海外のよつばと!

YOTSUBA&! Comics

マレーシア英語

表紙(マレーシア英語)
タイトルyotuba&!
出版社Gempak Starz
形式カバー付き
サイズ205×142×12mm
集めた数12

カバーが付いており、カバー下のネタも収録。1巻末のカラーページはモノクロで収録されている。
マレーシア国内ではGempak Starzが英語版とマレー語版の2種類を発行しており、今回紹介するのは英語版である。
上部に書いてある文言が「Hak cipta rasmi terjemahan bahasa Melayu diberi oleh KADOKAWA CORPORATION」でればマレー語で、「Official English Translation Under Licence From KADOKAWA CORPORATION」であれば英語のようだ。
まだマレー語版のほうは入手できていないので、いずれ手に入れて比較してみたいと思う。

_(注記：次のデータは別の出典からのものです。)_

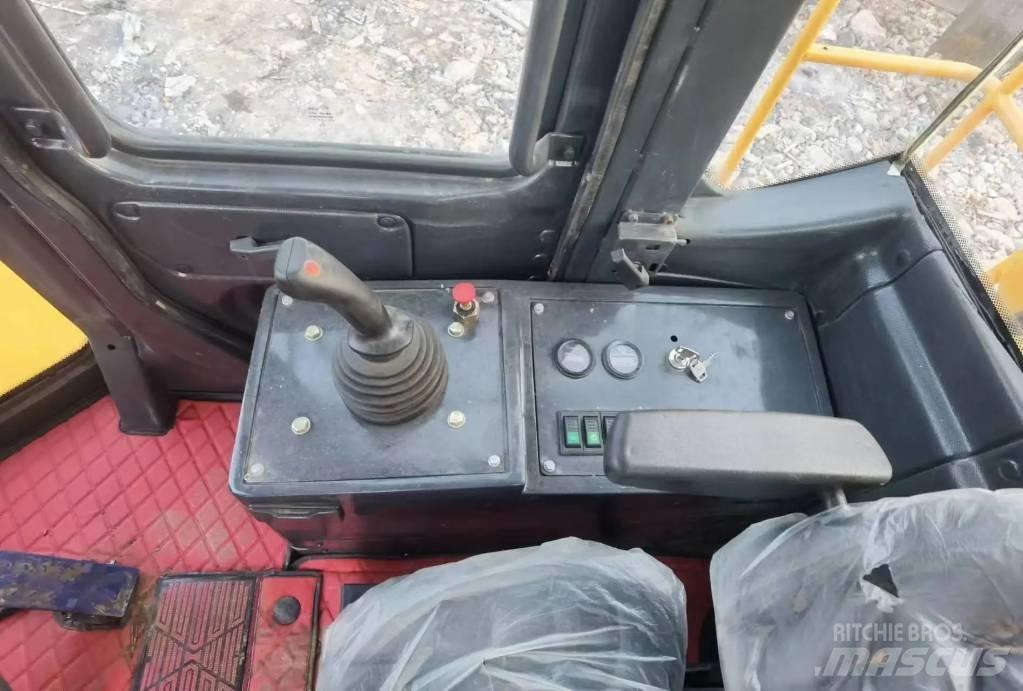 LiuGong 856 Kolesni nakladalci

翻訳そのものはADVやYenPressの英語版とは異なっており、マレーシア独自で訳されているようだ。オノマトペなども置き換えられているなど、一段手の込んだローカライズになっている。

朝だ(日本)
日本語版第1巻2話
朝だ(マレー)
マレー語版第1巻2話
朝だ(英語)
英語版(新)第1巻2話

翻訳比較:翻訳家→こんにゃくや

こんにゃくや(日本)
日本語版第1巻7話
こんにゃくや(マレーシア英語)
マレーシア英語版第1巻7話

1巻の終盤のシーンで、よつばが「翻訳家とこんにゃくやを間違える」というものがある。これは日本語特有のシャレであるため、言語ごとに違いが出やすく面白い。

まずは日本語におけるやりとりから。

とーちゃん「んー?」「しごとー?」「翻訳家だよー」

よつば「こんにゃくや」
風香「へ?こんにゃく屋?」 出典:日本語版第1巻7話

続いてマレーシア英語版におけるやりとり。

とーちゃん「HMM?」「JOB…?(しごと…?)」「HONY AKU- SHA. *TRANSLATOR(ホンヤクシャだよ)」

よつば「KON- NYAKU- YA*. "KONNYAKU SELLER.(コンニャクヤ ※コンニャク売り)」
風香「HUH? HE SELLS KONNY AKU?(へ?こんにゃく売ってるの?)」

出典:マレーシア英語版第1巻7話

これまで比較した原語のなかでは最も直訳である。日本語のシャレを成立させることを優先させたのだろうか。ここまでそのままだと特に言及できることがない。

翻訳比較:アブラゼミとクマゼミ

クマゼミ(日本)
日本語版第1巻6話
クマゼミ(マレーシア英語)
マレーシア英語版第1巻6話

よつばと序盤にはしばしばセミの名前が登場する。
マレーシア英語版ではどう翻訳されているかについて紹介する。

ジャンボ「おーおめでとう あぶらぜみだ」

ジャンボ「クマゼミだ!クマは今日それ一匹だけだ!一番大きいぞ」

出典:日本語版第1巻6話

ジャンボ「OHH! CONGRA- TULATIONS.(おー! おめでとう)」「THAT'S A BROWN CICADA.(茶色いセミだ)」

ジャンボ「THAT'S A GIANT CICADA!(大きいセミだ!) THE FIRST ONE WE'VE SEEN TODAY!(今日はこれ1匹だけだ!)」「IT'S THE BIGGEST TYPE!(一番大きいぞ!)」

出典:マレーシア英語版第1巻6話

セミを指す「CICADA」を用いつつも、具体的な種類や名前には言及せず色や大きさで表現している。